* **Task statement**
Once you reach the line with "Lindsey Vonn speaks" in the material below, copy each line exactly up to and including the line with "Man Typing at", and skip the pictures.

* **Working data**
+++
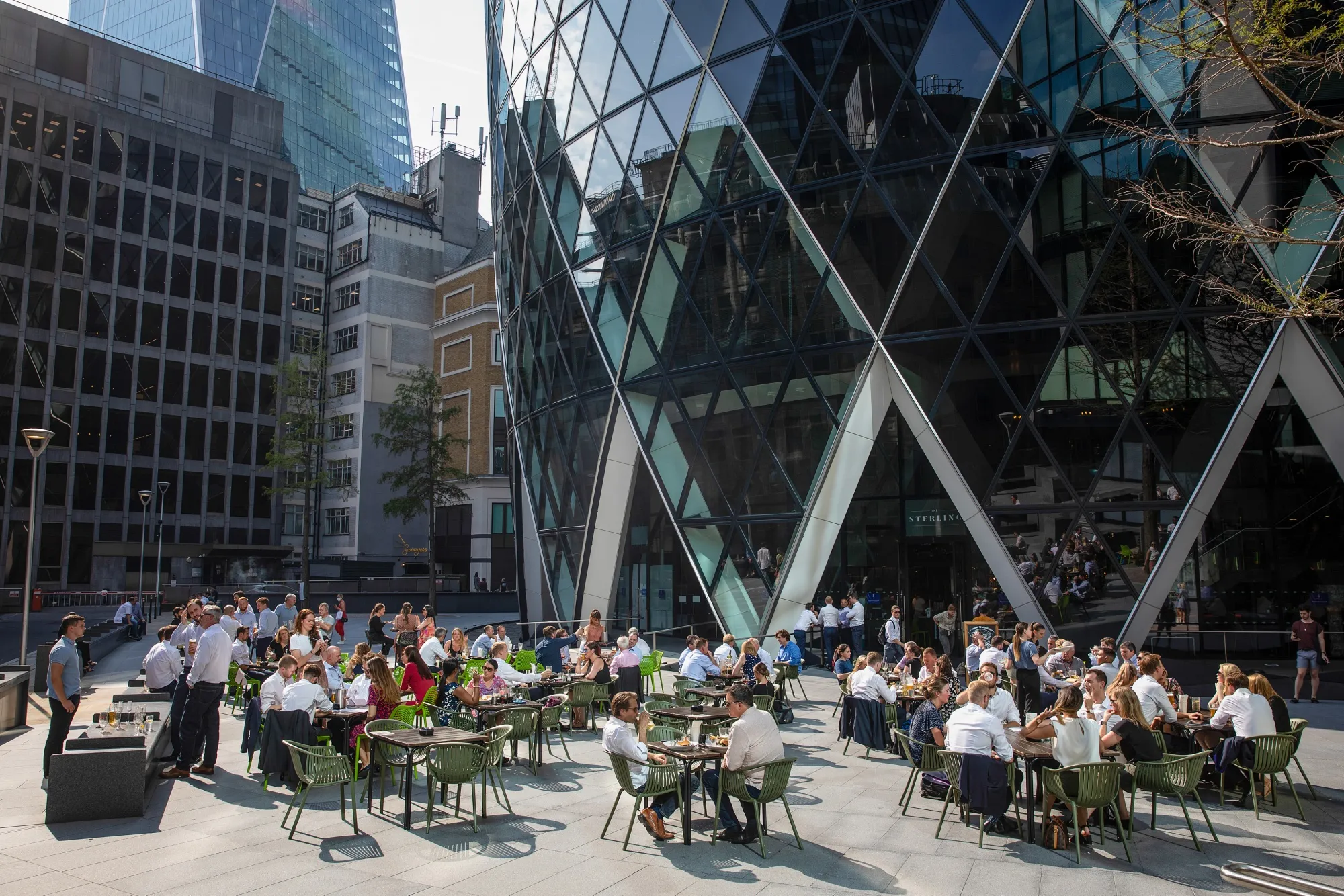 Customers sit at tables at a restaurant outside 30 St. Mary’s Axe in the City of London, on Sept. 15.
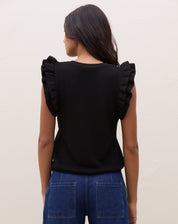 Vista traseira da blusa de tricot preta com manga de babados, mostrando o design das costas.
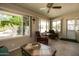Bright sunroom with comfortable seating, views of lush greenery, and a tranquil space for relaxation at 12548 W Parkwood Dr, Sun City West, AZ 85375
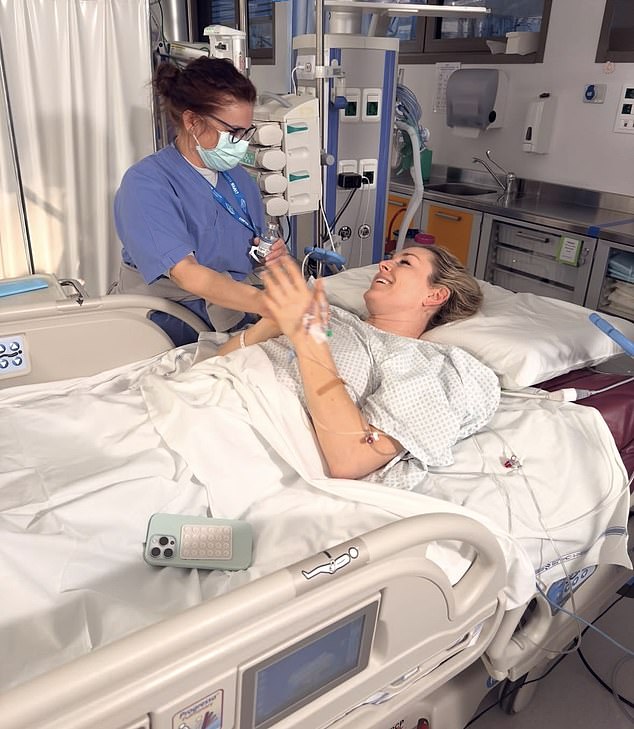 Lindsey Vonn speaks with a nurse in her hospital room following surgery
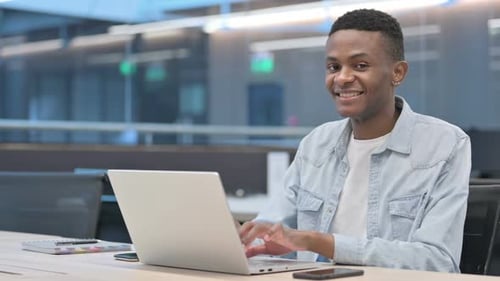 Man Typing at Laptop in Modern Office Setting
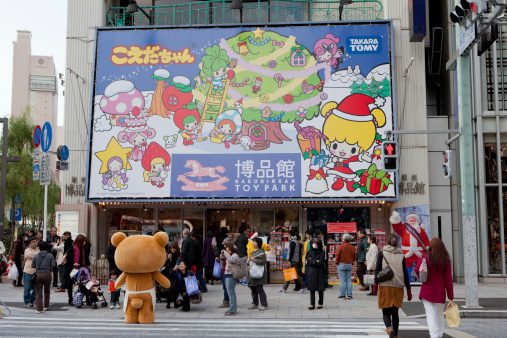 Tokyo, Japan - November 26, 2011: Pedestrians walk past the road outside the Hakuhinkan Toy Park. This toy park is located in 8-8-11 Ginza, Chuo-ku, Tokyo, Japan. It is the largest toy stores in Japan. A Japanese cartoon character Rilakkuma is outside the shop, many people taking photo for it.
+++
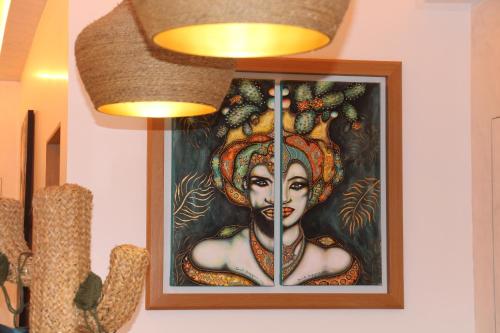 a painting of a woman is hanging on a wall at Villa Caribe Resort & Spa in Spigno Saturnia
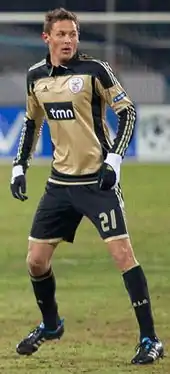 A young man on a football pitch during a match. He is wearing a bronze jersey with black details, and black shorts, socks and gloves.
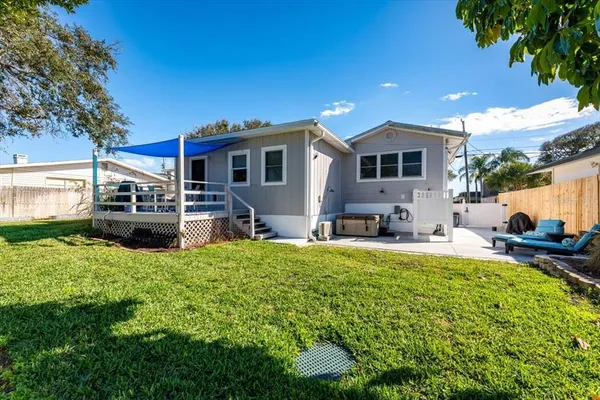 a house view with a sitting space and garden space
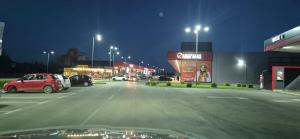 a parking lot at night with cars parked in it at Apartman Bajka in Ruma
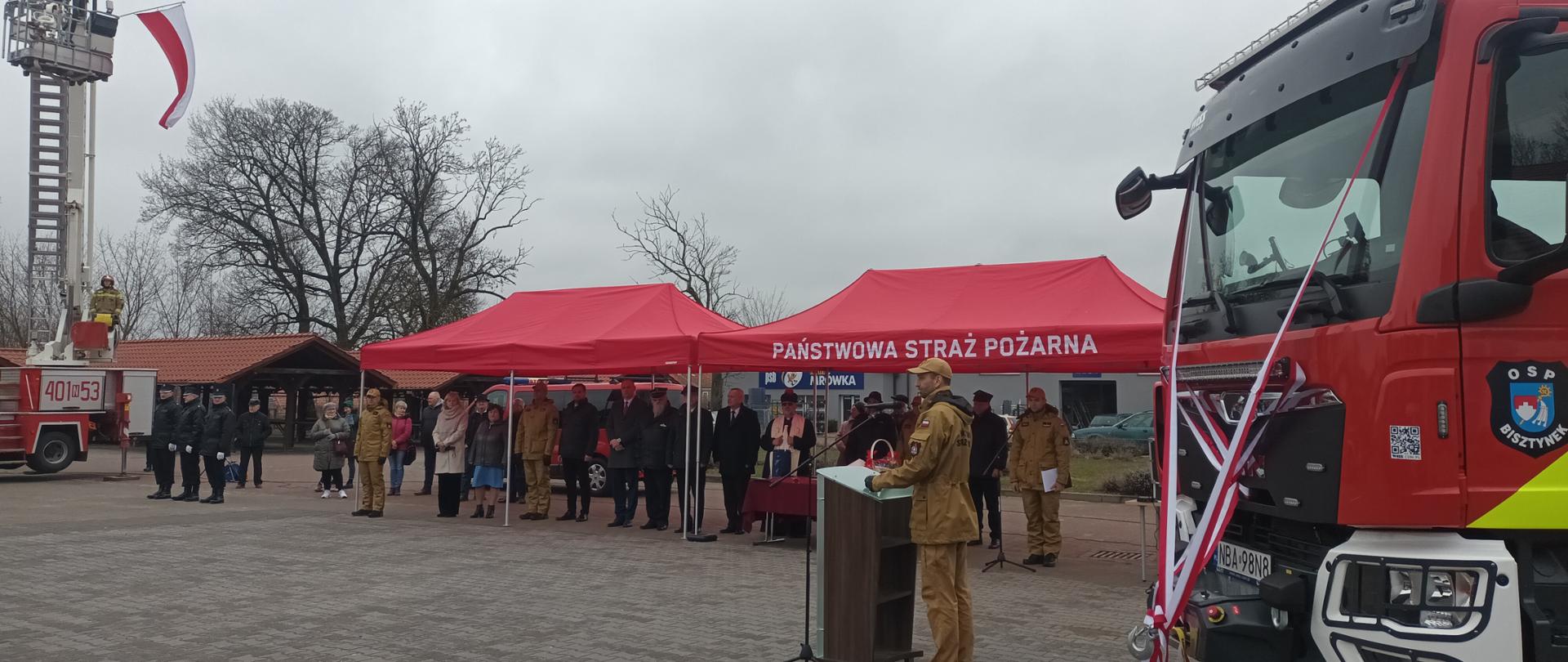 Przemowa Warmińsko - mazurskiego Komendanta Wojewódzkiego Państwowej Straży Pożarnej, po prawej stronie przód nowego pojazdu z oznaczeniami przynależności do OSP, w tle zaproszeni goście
+++
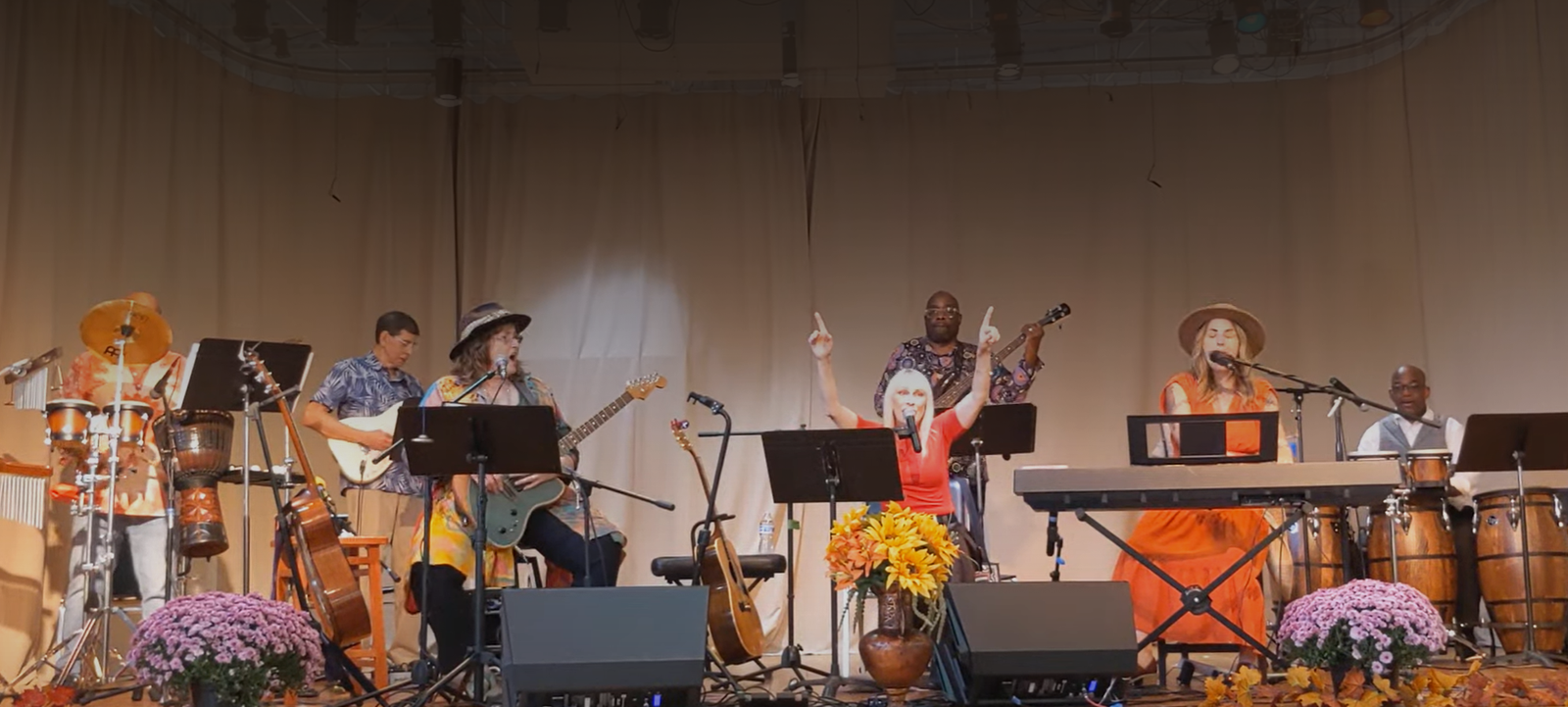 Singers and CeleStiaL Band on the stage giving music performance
+++
* **Answer box**
 Lindsey Vonn speaks with a nurse in her hospital room following surgery
 Man Typing at Laptop in Modern Office Setting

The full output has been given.